Small is good. 2.5kw would be more than enough. The only problem I've found with wee stoves is that they need re-fuelled more often and you have to chop the logs very short, which is actually a bit of a pain. I've used the "Wendy" from Windy Smithy which was cheap and simple and small but quite hungry and has no "refractory" liner, which I think means it doesn't get as hot inside so may burn less efficiently than a lined stove. Ash tends to fall out the front when opened which is a nuisance. Also it has no "CE" accreditation, so maybe wouldn't pass regs? I've also tried the Burley Springdale which burns really well and is easy to control when lit, but can be tricky to get going in my limited experience. I think that Salamander have a good rep and I think they had a new model out recently aimed at small spaces.

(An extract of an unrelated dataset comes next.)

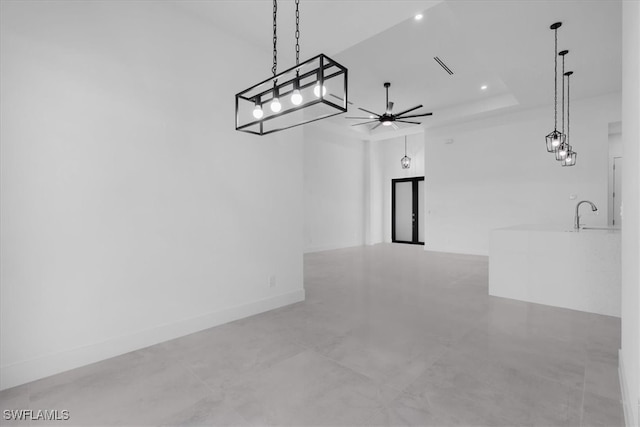 unfurnished room with a tray ceiling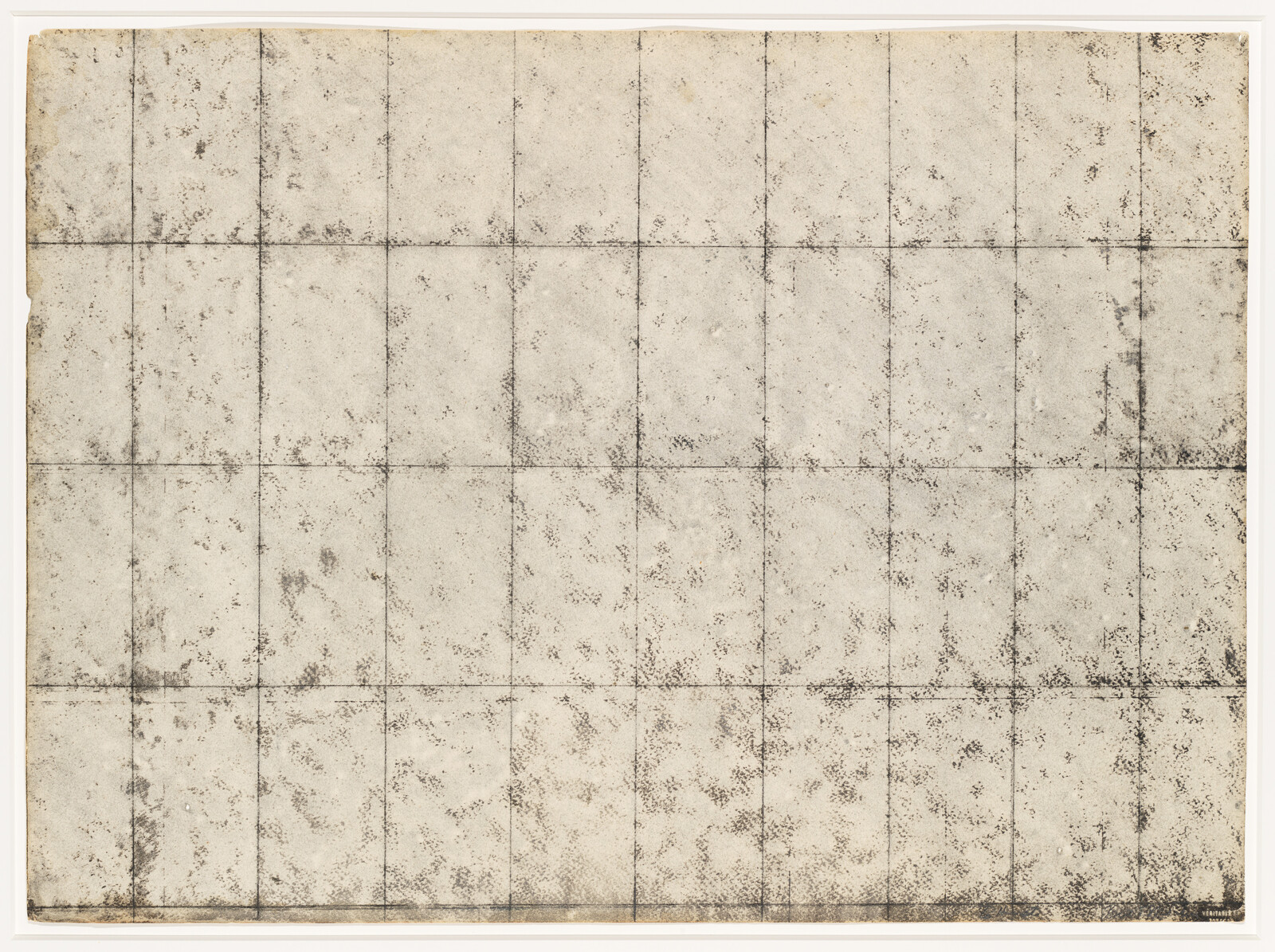 A worn, beige paper sheet marked by a faded grid of fold lines and dark stains.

We are building two huts which are well insulated and after much research and conscious of how often stoves are too powerful for the space we are going for hobbit stoves from. Salamander stoves. One reason is that they are cast iron and therefore retain heat. Another salamander stove option is there mini range which looks very impressive but is not cheap but u have full cooking facility
We have come across the Chilli Billie from Chilli Penguin stoves - but with a hut of reasonable size we're now concerned it might not heat the space sufficiently and in a sustained way with a 2.5-3kw output. The next ones up are 5Kw and we're pretty sure this would be too much! - So we're looking for any experiences of these to get some reviews from hutter users of the chilli billie particularly...
I think you will find that it generates plenty of heat. How well your hut is insulated will determine how long it retains the heat for. Some huts are going to be 3 season huts. To be 4 season, they will need to be well insulated.